Currently what I do is I take in a string literal and track the point of the radix and find the distance of that from the end of the string, and this gives me my scaling factor. After that we keep the entire big integer, which is supposed to be constrained to a fixed type (unless circumstances like division...or possibly modulus, arise, at which point we increase the fractional side of the radix to atleast half of the size of the integer portion). I have implemented ways to grab values to the left of the radix and to the right of the radix by multiplying by factors of 10 (I want the accuracy that comes with base 10 as opposed to the speed of base 2) to get the place where the radix will sit. I have googled looking up how to implement modulus on fixed point types, to no avail.

I can't seem to figure out how one would go about implementing it. Is there a way of implementing this? Do people know of a generalized algorithm? Anything to point me in the right direction? Remember, I'm aiming for accuracy. Speed is nice too, but the prime directive is accuracy.

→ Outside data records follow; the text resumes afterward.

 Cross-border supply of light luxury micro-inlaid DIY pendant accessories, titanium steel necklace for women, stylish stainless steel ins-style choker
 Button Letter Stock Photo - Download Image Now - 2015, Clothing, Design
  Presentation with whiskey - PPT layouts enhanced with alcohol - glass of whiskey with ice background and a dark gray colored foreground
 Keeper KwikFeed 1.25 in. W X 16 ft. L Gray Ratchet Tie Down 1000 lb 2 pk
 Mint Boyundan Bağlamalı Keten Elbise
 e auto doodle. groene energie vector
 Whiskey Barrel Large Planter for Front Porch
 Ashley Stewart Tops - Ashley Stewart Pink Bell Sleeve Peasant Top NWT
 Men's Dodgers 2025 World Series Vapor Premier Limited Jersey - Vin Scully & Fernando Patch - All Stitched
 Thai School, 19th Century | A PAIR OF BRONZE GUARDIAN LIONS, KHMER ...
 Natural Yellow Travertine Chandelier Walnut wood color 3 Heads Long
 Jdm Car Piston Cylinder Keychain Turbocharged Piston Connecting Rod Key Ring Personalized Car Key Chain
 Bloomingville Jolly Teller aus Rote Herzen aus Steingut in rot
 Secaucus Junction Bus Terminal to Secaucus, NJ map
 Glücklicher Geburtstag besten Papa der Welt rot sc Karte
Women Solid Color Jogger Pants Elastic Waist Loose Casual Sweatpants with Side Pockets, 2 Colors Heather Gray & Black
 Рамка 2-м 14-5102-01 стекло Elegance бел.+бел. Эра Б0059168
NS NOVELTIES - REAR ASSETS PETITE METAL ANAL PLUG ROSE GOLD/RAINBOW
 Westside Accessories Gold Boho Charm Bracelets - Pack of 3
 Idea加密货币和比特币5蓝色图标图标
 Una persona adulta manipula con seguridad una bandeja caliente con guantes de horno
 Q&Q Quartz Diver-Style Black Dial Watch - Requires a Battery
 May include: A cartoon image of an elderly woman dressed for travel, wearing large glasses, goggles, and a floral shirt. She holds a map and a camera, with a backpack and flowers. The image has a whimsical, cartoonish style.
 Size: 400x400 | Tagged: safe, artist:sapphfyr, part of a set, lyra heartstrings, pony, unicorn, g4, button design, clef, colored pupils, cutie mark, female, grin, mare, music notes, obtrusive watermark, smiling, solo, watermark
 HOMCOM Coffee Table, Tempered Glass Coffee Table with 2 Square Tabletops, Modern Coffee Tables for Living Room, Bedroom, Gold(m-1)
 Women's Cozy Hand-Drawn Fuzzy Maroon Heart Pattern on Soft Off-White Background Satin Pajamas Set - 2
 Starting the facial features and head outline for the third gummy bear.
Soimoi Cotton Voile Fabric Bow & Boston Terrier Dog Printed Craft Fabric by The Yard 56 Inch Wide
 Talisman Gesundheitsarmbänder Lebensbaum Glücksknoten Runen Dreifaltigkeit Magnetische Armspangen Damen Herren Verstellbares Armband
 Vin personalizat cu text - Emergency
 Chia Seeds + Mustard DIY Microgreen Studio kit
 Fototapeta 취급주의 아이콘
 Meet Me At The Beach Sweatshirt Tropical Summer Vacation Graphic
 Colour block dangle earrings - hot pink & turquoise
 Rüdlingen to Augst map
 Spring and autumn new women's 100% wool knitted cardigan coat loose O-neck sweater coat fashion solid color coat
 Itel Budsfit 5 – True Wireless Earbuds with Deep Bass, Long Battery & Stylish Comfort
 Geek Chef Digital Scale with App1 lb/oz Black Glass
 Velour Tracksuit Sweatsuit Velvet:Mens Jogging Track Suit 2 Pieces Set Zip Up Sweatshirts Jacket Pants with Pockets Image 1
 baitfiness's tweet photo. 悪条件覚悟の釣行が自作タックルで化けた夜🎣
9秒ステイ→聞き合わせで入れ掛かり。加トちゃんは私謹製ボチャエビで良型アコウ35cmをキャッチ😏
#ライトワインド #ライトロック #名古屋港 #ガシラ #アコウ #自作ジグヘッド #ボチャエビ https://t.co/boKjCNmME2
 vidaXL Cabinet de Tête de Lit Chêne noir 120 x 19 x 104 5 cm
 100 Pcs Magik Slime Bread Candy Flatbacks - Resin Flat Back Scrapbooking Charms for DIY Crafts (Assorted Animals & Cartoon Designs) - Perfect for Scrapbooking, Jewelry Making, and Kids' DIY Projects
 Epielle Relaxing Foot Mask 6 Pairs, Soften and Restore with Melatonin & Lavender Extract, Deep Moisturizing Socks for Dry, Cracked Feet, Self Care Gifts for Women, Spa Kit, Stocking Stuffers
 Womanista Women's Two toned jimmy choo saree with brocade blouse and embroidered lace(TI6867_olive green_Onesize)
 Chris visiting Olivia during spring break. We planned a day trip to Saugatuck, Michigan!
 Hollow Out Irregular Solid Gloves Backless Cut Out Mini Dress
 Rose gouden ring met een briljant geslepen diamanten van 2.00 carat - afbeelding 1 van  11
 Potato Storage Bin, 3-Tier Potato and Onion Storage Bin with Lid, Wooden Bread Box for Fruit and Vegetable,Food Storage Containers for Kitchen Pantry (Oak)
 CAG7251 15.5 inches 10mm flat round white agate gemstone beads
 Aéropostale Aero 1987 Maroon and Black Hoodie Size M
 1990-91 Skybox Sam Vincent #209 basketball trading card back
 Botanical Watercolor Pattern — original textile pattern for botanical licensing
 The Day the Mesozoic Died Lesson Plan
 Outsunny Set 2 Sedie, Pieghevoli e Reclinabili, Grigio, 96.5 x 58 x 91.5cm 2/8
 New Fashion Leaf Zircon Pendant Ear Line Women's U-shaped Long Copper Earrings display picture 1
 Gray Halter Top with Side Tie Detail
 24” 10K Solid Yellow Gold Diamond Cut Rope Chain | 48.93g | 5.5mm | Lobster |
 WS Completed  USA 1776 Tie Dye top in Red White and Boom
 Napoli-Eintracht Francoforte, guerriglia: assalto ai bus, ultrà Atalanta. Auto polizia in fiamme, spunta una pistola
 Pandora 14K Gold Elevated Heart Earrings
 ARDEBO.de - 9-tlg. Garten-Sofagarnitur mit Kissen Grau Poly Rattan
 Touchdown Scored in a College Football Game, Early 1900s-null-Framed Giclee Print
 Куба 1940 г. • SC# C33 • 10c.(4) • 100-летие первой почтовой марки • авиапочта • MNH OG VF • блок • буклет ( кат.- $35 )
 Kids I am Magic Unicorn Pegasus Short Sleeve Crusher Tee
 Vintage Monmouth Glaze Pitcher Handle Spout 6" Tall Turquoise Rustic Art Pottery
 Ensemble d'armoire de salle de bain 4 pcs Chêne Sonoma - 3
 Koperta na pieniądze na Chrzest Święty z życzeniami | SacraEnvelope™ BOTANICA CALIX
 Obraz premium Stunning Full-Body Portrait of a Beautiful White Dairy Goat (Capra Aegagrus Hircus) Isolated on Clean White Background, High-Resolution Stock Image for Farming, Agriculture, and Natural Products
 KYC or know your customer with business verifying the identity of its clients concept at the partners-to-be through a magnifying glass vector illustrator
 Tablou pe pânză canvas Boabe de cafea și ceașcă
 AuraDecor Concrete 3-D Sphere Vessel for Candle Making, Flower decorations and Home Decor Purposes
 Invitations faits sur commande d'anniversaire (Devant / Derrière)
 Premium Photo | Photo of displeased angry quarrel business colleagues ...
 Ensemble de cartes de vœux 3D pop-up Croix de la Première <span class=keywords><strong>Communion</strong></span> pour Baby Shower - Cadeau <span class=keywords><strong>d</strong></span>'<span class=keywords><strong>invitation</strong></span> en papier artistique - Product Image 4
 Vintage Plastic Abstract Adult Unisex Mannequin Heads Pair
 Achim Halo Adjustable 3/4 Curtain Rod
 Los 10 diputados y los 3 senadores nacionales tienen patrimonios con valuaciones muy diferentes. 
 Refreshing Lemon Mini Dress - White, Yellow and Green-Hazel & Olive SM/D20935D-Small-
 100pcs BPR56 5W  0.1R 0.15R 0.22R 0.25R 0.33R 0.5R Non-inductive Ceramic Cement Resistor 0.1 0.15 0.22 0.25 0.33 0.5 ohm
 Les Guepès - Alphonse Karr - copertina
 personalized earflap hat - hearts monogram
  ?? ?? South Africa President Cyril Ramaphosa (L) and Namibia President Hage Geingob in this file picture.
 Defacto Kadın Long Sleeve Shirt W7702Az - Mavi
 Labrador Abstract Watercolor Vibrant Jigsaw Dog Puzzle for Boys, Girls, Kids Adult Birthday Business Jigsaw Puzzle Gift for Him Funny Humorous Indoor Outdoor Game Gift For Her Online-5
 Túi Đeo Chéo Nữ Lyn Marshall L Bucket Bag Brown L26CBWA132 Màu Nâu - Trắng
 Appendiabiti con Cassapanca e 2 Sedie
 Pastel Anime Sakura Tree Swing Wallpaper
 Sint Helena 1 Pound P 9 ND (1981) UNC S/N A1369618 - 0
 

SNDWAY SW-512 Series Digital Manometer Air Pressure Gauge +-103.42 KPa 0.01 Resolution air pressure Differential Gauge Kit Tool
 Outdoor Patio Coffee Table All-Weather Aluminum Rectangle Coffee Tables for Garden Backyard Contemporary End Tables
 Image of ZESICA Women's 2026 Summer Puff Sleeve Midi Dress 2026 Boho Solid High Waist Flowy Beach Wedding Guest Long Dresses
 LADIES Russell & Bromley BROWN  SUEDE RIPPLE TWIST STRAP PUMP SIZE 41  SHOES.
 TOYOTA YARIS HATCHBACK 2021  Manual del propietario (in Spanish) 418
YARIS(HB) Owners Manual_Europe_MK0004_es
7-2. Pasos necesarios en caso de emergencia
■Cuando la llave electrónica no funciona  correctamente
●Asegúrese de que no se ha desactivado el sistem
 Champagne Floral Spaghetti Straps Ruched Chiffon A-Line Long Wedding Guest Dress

To clarify, the hardware we would be operating on is generalized. As for the definition of what I want...that's somewhat why I'm here. I don't know what I want, I want to know some examples and different options to choose from. Really I'm just trying to learn about this.

EXAMPLE:

say I have a fixed8x8 and I push out 2 % 1.2 (2 could be 2.0 as well here), the result should come back 0.8. What's a good rule for going about extending the size of the right side to compensate for accuracy?


Solution

  • With the correction of 1.2 % 2 == 1.2, then just ignore the decimal, e.g. this is the same as 12 % 20 == 12

    You can just use subtraction to compute this, if speed is truly not necessary. E.g. for any A % M, just keep subtracting M from A until A < M, for M != 0 (infinite loop!). This will provide the same result, 1.2, since subtraction really isn't affected by decimal points when represented as fixed-point.

    If speed matters, and you don't have multiplication routines that can ignore the decimal (most won't), you may need to build them, since at 8x8 you won't have enough space to shift the entire value into the left-side (for some operations, I implemented 24x8 fixed point registers in my PIC 16F library to allow higher precision when performing computations on 16x8 fixed point).

    To elaborate on using multiplication for faster arithmetic, and the reason you would need multiplication routines that can ignore the decimal,

    First we analyze the slower subtraction approach using this pseudo-C++ code:

    auto answer = A;
    while(answer >= M)
      answer -= M;
    // now, your answer is in answer
    

    But if we knew how many iterations were necessary beforehand, we could just:

    auto answer = A - M * number_of_iterations;
    

    Of course, we won't know that, so the goal is to reduce the number of iterations that we need rather. This can be done with reverse-factorization - given a number M, find how many times you can multiply it by 10 (one digit to the left) and it still be less than A, so e.g. if A is 1023.32 and M is 4.1, you can multiply M by 10 twice, resulting in M*10*10 = 410. Subtract this from A until A < M*10*10, leaving A'=203.32, and continue to repeat until your working copy of A is less than M. This turns approach generally turns an O(N) operation into an O(log(N)) operation, provided you don't add too much overhead with the computations (in my PIC 16F implementation, I had to be careful because the chip only had 384 bytes of total memory, so needless to say, it was slower than it could have been).

    I mostly did my work in base-2, but the same ideas translate to base-10 as well, so something like this should greatly reduce the number of iterations, especially for larger items (and this can be adjusted depending on your internal representation, so you can use digit-shifting rather than multiplication for each step):

    auto currentA = A;
    while(currentA >= M){
      auto scaledM = M;
      while(scaledM*10 < currentA)
        scaledM *= 10;
      // this second loop prevents recomputing scaledM where
      // currentA > n*scaledM for some n < 10; not needed in base-2
      while(currentA > scaledM)
        currentA -= scaledM;
    }
    

    And currentA will contain your modulus when this completes.